Preparation:Print and cut out a set of the Tag Questions Sentence Strips for each pair of students.
- That’s Not True, Is It? Divide the class into pairs. Have each student come up with three statements about him or herself. Two of the statements should be true and one not true. Partners have to guess which statement is not true by asking a tag question. Model the procedure first, with statements about yourself. For example, tell the class: I’m a great dancer. I have a cat. I speak Chinese. Invite students to ask you tag questions, such as: You don’t speak Chinese, do you? Students continue to ask tag questions until the untruth is revealed. Then have partners take turns asking tag questions of each other to find the statement that's not true.
- Sentence Strip Match Up. Distribute a set of the Tag Questions Sentence Strips to each pair of students. Give them time to match each base sentence with its associated tag question. When they have finished, have them sort the sentences into two categories: sentences with the verb to be, and sentences with all other verbs. To review, have students share their results with the class, and discuss any patterns they notice.
- Say it a Different Way. On a repeated viewing of the movie It’s Nice, Isn’t It? (L1U5L2), ask students to raise their hands each time they hear a tag question. Pause the movie and ask students to suggest a different way to ask the same question. For example, This is a nice telescope, isn’t it? can be rephrased as Isn’t this a nice telescope? Or You don’t like it, do you? can be said as Do you like it?
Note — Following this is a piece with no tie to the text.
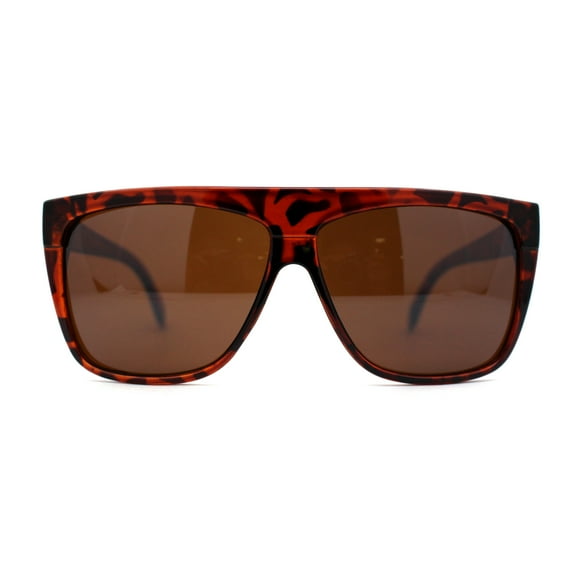 Mens Classic Flat Top Oversize Gangster Rectangle Plastic Sunglasses Red Tortoise Brown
- Facts to Know. Show Facts to Know. Pause after a few examples and do a Think-Pair-Share . Ask students to explain how this Facts to Know visually represents the grammar of tag questions. They should notice how the opposites (black and white; plus and minus; positive and negative; two sides of the screen) illustrate the fact that tag questions are the opposite of the base sentence. Students may continue watching examples, if needed. Give partners time to think, talk about their ideas, and then share with the class.